Moisture sorption isotherms and thermodynamic properties of safflower seed using empirical and neural network models

Abstract

Experimental work was conducted to obtain the adsorption isotherms of safflower seed using a semi static gravimetric method at 25, 40, and 60 °C over a water activity range from 0.11 to 0.94. Fourteen isotherm equations and multilayer artificial neural network approach were employed to analyze the experimental data. In order to evaluate the goodness of fit of each model determination coefficient, Chi Square and root mean square error were used. The Peleg (at 25 and 40 °C) and Osvin (at 60 °C) models were selected to best describe the sorption isotherms of safflower seed. Accordingly, the results showed that the predicted values of ANN model were more accurate than those predicted by nonlinear regression method. The adsorption monolayer moisture content was also determined using Brunauer, Emmett and Teller equation.

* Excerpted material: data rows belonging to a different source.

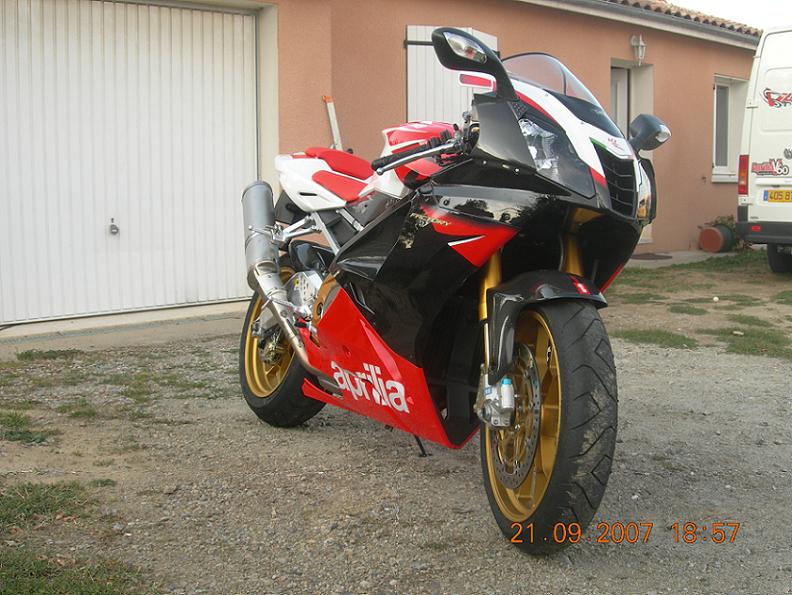 rsv 1000 factory.jpg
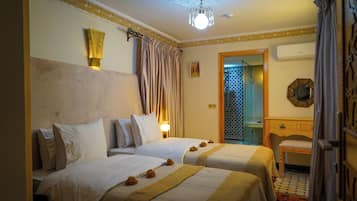 Deluxe Double or Twin Room | Individually decorated, individually furnished, desk, laptop workspace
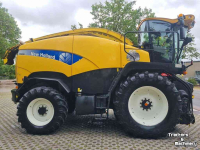 Ensileuse automotrice New Holland FR 9050 hakselaar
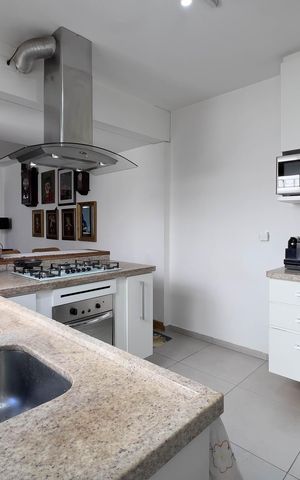 Casa à venda com 300m², 3 quartos e 2 vagas Casa à venda com 300m², 3 quartos e 2 vagasCozinha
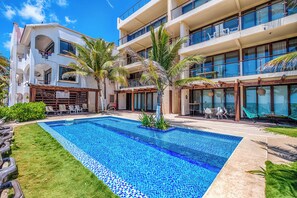 Nikte Condos Pool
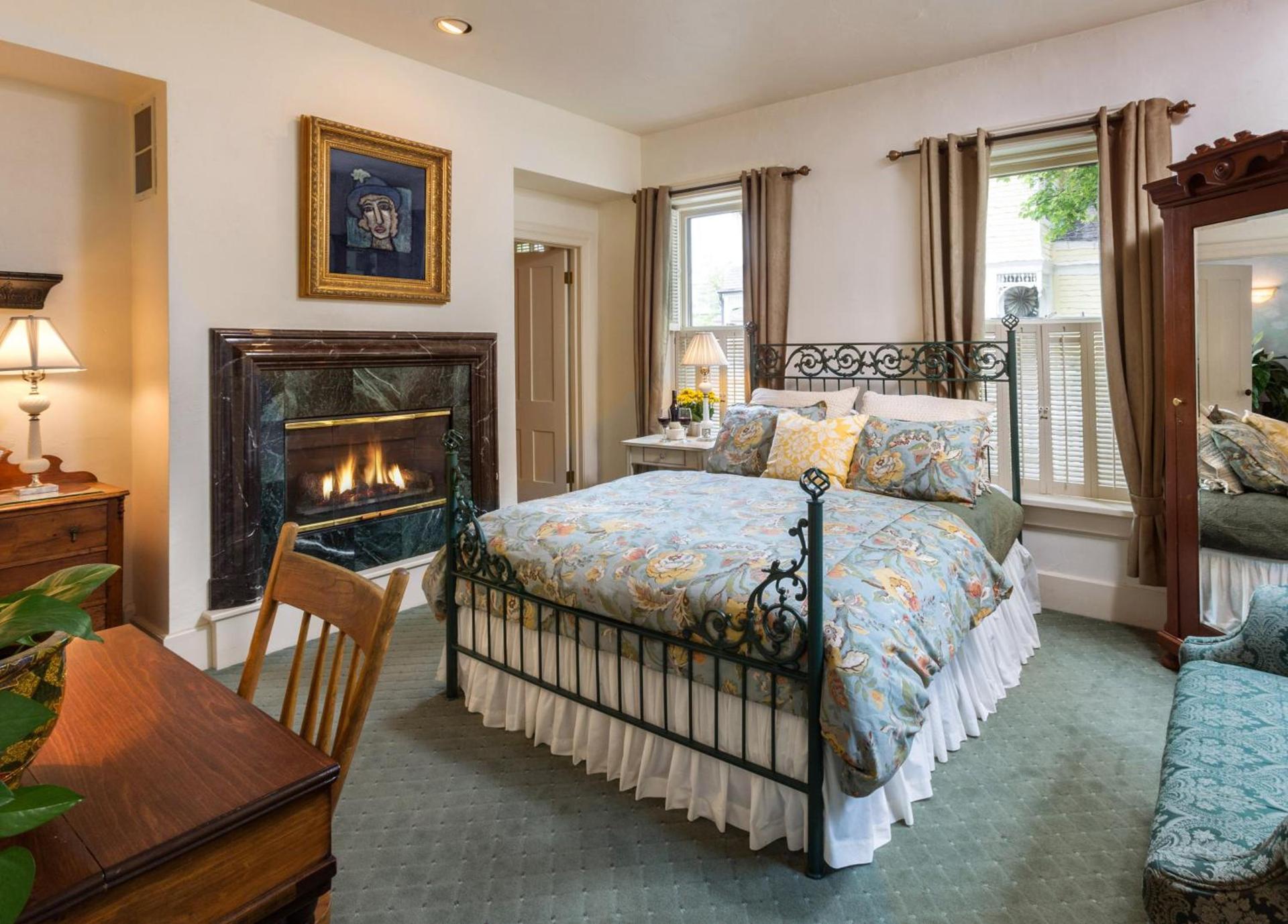 Washington House Inn photo 10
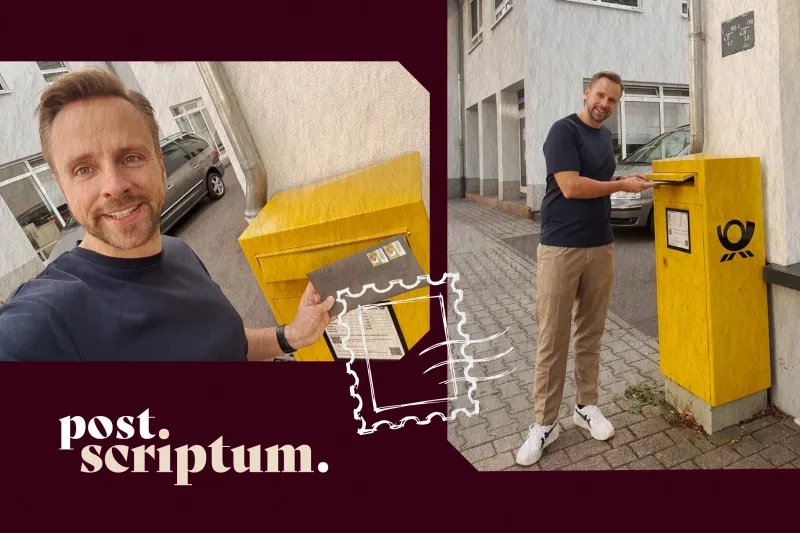 Collage auf dunkelrotem Hintergrund mit dem Logo „post.scriptum.“. Das linke Bild zeigt ein Selfie des Mannes, der lächelnd einen frankierten Briefumschlag vor einen gelben Briefkasten hält, überlagert von einer Briefmarken-Grafik. Auf dem rechten Foto ist der Mann zu sehen, wie er den Brief in den gelben Postbriefkasten einwirft.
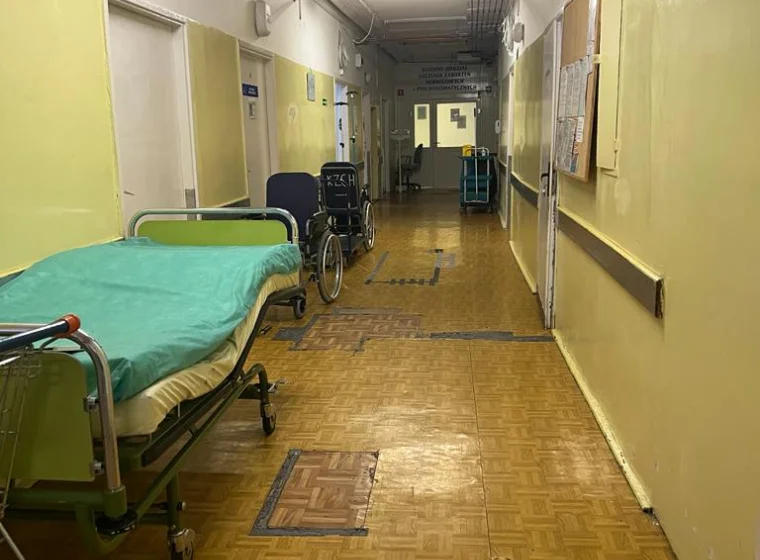 Korytarz przed renowacją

The monolayer moisture content values were 0.028, 0.024, and 0.022 gH2O/g solid at 25, 40, and 60 °C, and the corresponding constant values of the Brunauer, Emmett and Teller equation were found to be −13.029, −10.873, and −17.255, respectively. The safflower seeds heat of sorption values was also found. The heat of sorption values was large at low moisture content and decreased with an increase in the moisture content, whereas the magnitudes increase with increases in temperature and could be well adjusted by an exponential relationship. The experimental data revealed that enthalpy-entropy compensation theory was satisfactorily applicable to the moisture sorption behavior of the safflower seed.